START Data extracts

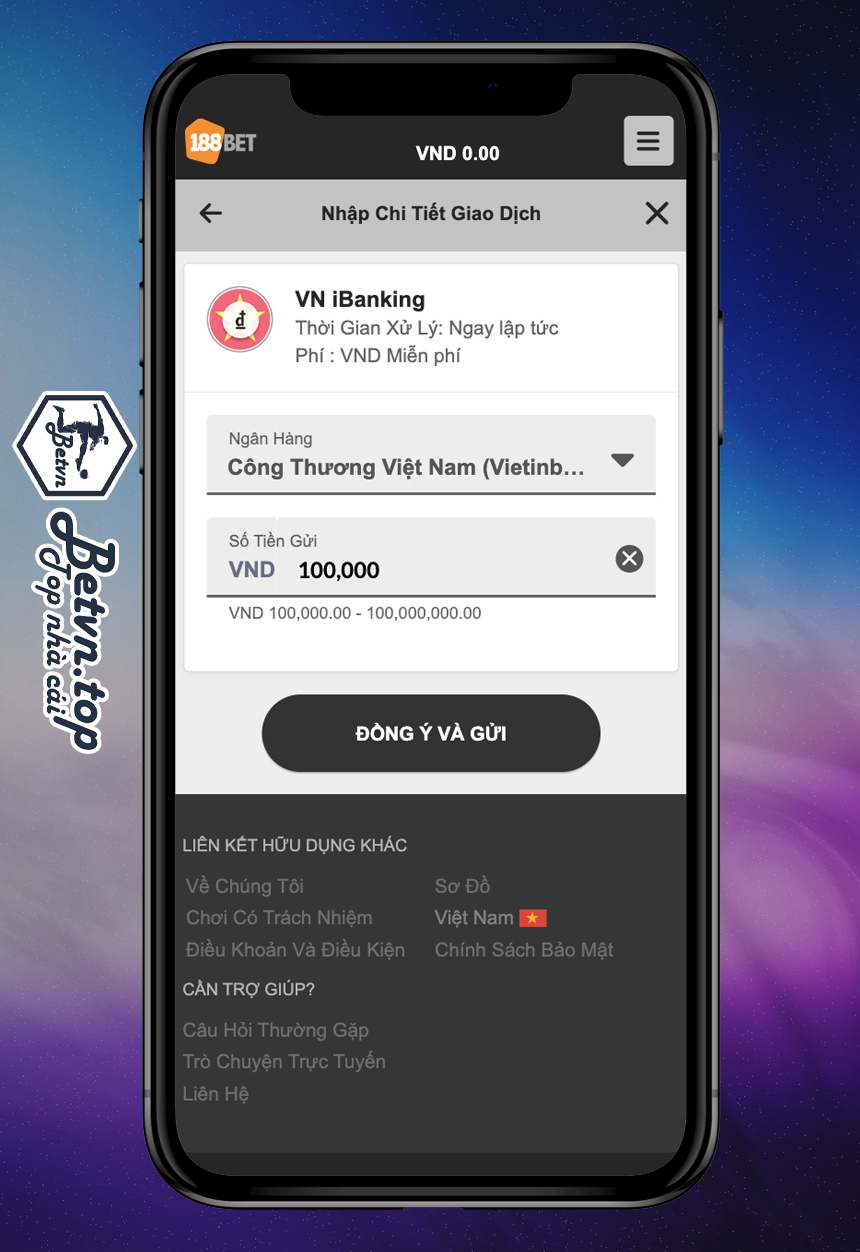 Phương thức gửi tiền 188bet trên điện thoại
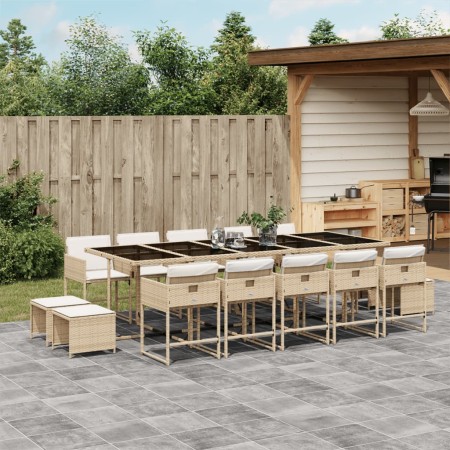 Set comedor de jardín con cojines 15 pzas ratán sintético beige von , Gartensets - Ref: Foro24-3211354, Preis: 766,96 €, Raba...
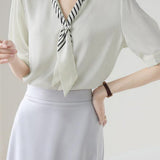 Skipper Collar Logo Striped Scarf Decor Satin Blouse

END Data extracts
START Data extracts

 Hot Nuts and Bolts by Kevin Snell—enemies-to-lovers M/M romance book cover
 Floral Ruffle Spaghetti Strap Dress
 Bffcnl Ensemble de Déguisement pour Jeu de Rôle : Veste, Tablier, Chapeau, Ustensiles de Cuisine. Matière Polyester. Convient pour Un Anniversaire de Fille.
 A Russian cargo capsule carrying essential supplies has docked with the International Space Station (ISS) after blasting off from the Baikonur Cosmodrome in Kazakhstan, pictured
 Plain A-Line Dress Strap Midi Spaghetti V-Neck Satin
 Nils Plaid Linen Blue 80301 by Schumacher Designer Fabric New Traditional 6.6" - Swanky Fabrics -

END Data extracts
START Data extracts

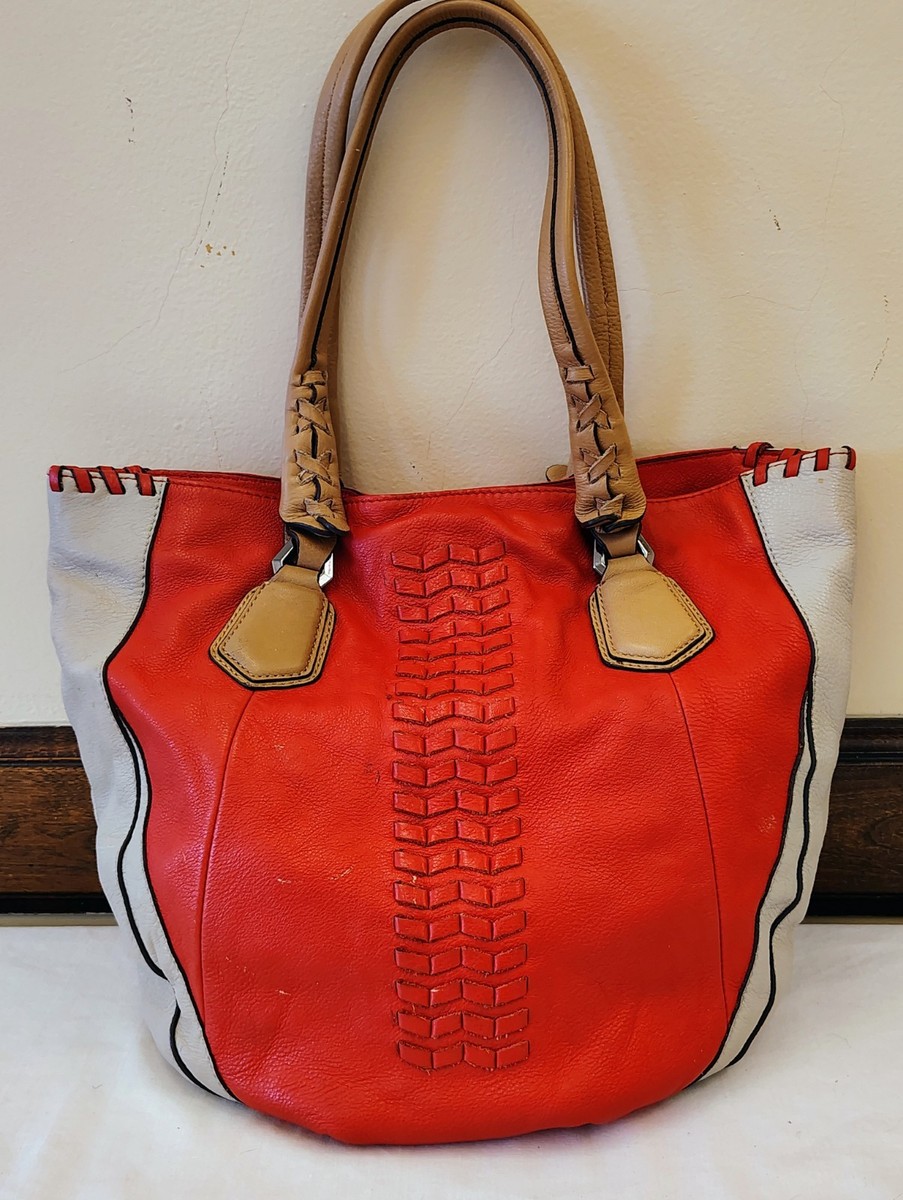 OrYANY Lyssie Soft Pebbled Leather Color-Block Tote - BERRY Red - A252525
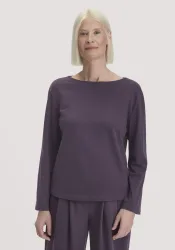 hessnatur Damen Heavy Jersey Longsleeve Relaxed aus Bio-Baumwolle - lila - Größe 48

END Data extracts

**What the exercise asks:**
Produce a word-for-word copy of everything above from the line holding "Floral Ruffle Spaghetti Strap Dress" down to the line holding "Bffcnl Ensemble de", with both of those lines kept.

**Exercise response:**
 Floral Ruffle Spaghetti Strap Dress
 Bffcnl Ensemble de Déguisement pour Jeu de Rôle : Veste, Tablier, Chapeau, Ustensiles de Cuisine. Matière Polyester. Convient pour Un Anniversaire de Fille.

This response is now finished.